Risk is the mathematical representation of the chance of an injury occurring based on exposure to a risk factor (a determinant).

Relative Risk

Relative risk (RR) is a comparative measure of the cumulative injury rate in 1 group compared with that in another group based on exposure status (Figure 2).2  It indicates the strength of association between a risk factor and an event. Commonly studied factors in sports injury epidemiology are sex, practice versus competition, sport, and body part. The RR is most appropriately used in prospective cohort studies in which risk factors are present before the injury happens. When a cohort model is used, exposure or no exposure to a risk factor is studied prospectively, and individuals are tracked until some experience the event of interest (eg, some are injured and some are not). The RR is a direct comparison of the incidence rate of an exposed group and the incidence rate of an unexposed group. When the exposure is studied prospectively, we can draw a causal link between the exposure and the disease event.

Odds

Odds are the ratio of events to nonevents. A classic example is the odds of selecting the queen of hearts from a deck of cards. Odds are the ratio of the event occurring (ie, 1/52) to the event not occurring (ie, 51/52). The odds of drawing the queen of hearts are 1/52:51/52 ≈ 0.02 or about 2%.

Odds Ratio

The odds ratio is the comparison of odds of an event in an exposed group to odds in an unexposed group (Figure 3).2  It is a measure of the strength of association between the exposure and the event. However, it is an indirect measure only, and a causal link—ie, the exposure caused the event—cannot be drawn. The OR is most appropriate when a retrospective case-control study design is used because individuals already have the condition of interest. We can use ORs to assess the differences between those who have the condition of interest and those who do not and determine if there is a strong reason to believe that a previous exposure was linked to having a particular condition. Given that the exposure is studied retrospectively, we cannot draw a causal link between the exposure and the injury event—only the strength of the association.

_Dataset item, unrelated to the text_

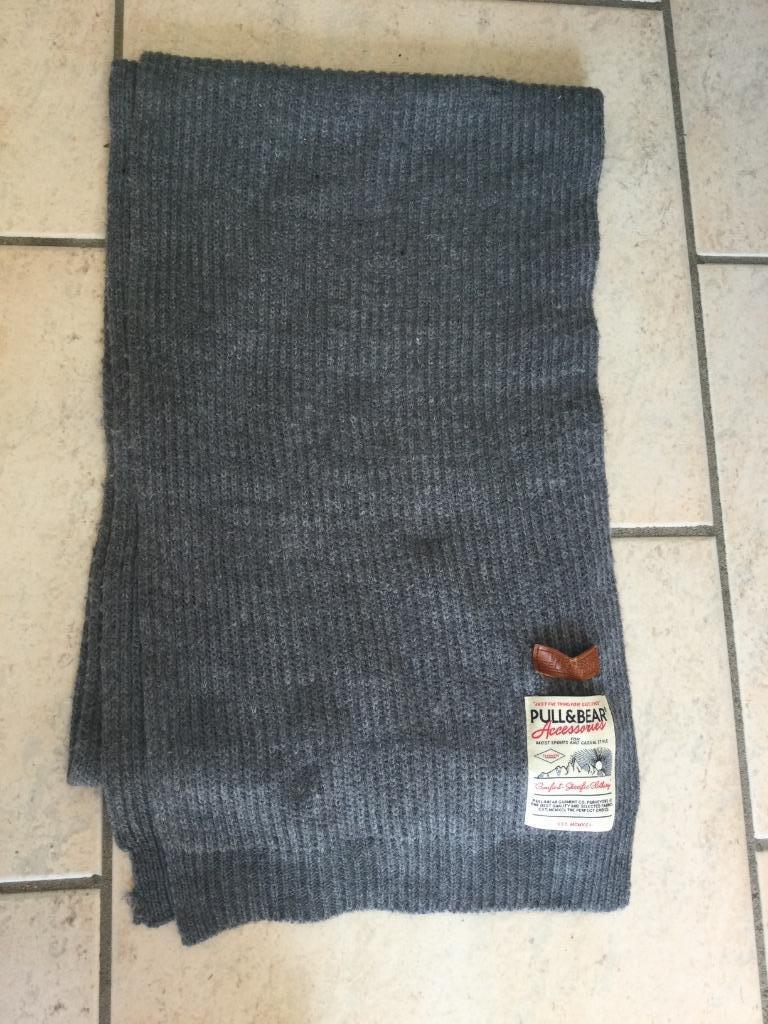 ECHARPE"PULL&BEAR"ACCESSORIES/WINTER COLLECTION, Enlèvement ou Envoi, Autres tailles, Écharpe, Porté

Therefore, we have to be careful in phrasing results based on ORs. With ORs, it is inappropriate to state unequivocally that the determinant caused an increased chance of the event because causality cannot be established via a retrospective study. It should only be stated that an increased association was present between the determinant and the event or that individuals who had experienced the event had an increased chance of also being exposed. Odds ratios are an indirect measure of risk and are used to determine the strength of those associations.

Calculating RR and OR

As described previously, the RR and the OR are 2 mathematical techniques for determining the strength of the relationship between exposure to a risk factor and an injury. Next, we describe the meaning of the RR and OR. In Figures 2 and 3, we detail how these calculations are derived.

In calculation, the RR is the comparison between the incidence rate of a group exposed to a risk factor and an unexposed group. To compare the incidence rates of 2 populations of interest, we can use the RR. The RR is a direct comparison of incidence rates, typically between 2 groups that are similar with the exception of a single factor (the determinant). The RR calculation allows for a measurement of the strength of an association between a determinant and an event (ie, injury or disease; Figure 2D). If the comparison of the groups approaches 1, the value of equivalency, then the injury rates between the 2 groups do not differ, and the strength of the association of the risk factor is likely negligible.

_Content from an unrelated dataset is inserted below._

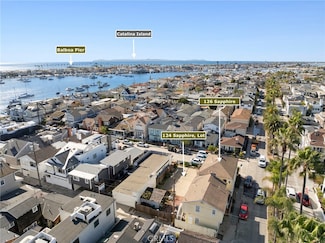 126 Sapphire Ave, Newport Beach, CA 92662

The OR is a rate comparison of what was expected (individuals who were injured were most likely exposed to the risk factor and those who remained uninjured were not) versus what was not expected (individuals who were injured were not exposed to a risk factor and those who sustained an injury were not exposed to a risk factor). With ORs, we can anticipate that if a strong association exists between a risk factor and an injury, the rate of the expected will be greater than the rate of the unexpected (Figure 3D). As noted, given that ORs are used for retrospective data, we can state only that an association or relationship exists between the risk factor and injury. As with RRs, the value of equivalency for ORs is 1.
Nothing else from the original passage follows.